**About this exercise**: Return exactly those lines of the material below that fall between the line holding "Goudkleurige sieradenset met rode stenen" and the line holding "1787 Solvang Mill, Las Vegas, NV 89135", inclusive.

**Supplied records**:

□ □ □ □ □ □ □

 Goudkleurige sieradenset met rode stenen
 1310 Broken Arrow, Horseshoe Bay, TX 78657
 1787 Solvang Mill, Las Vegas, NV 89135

□ □ □ □ □ □ □

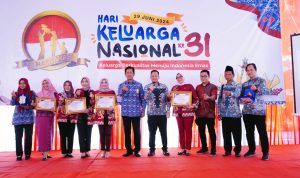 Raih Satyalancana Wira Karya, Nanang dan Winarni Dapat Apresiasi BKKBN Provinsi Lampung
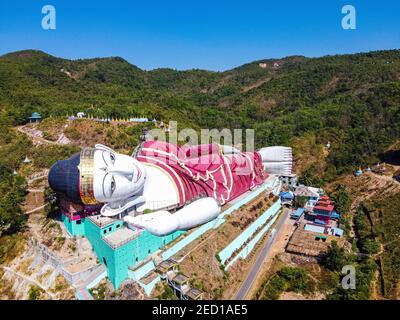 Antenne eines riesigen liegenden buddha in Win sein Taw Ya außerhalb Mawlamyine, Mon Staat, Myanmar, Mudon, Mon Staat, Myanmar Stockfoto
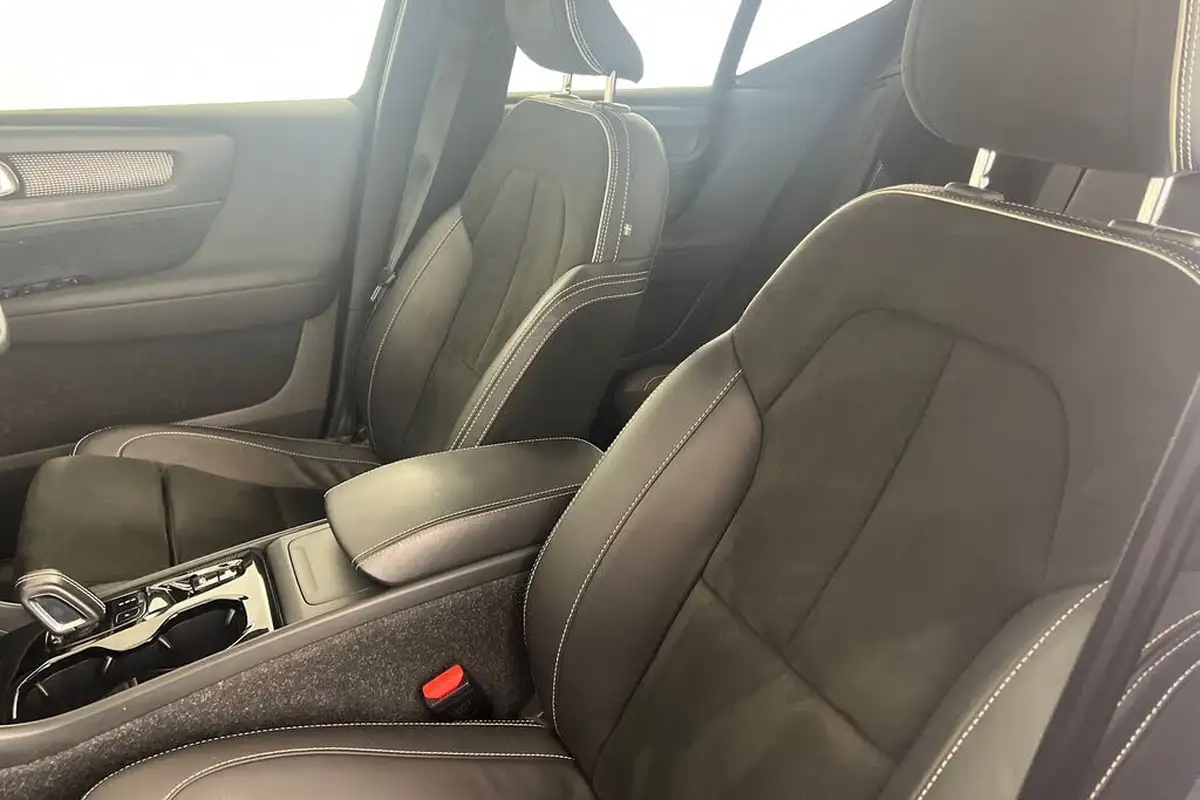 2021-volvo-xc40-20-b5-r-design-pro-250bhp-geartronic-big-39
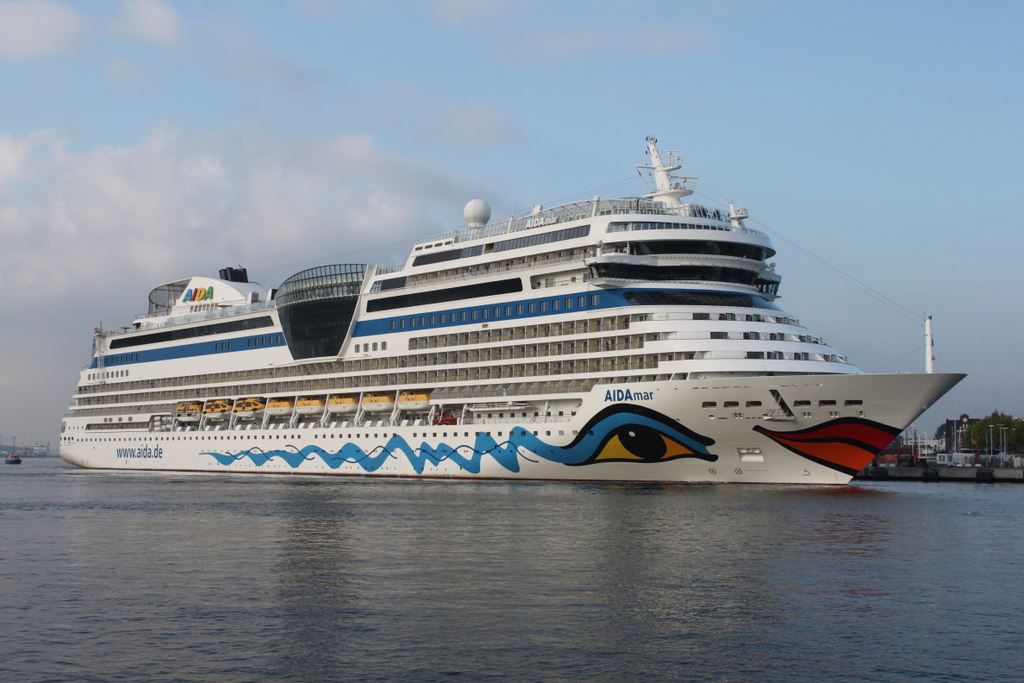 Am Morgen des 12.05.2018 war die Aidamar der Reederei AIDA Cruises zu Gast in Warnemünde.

□ □ □ □ □ □ □

**Your solution**:
 Goudkleurige sieradenset met rode stenen
 1310 Broken Arrow, Horseshoe Bay, TX 78657
 1787 Solvang Mill, Las Vegas, NV 89135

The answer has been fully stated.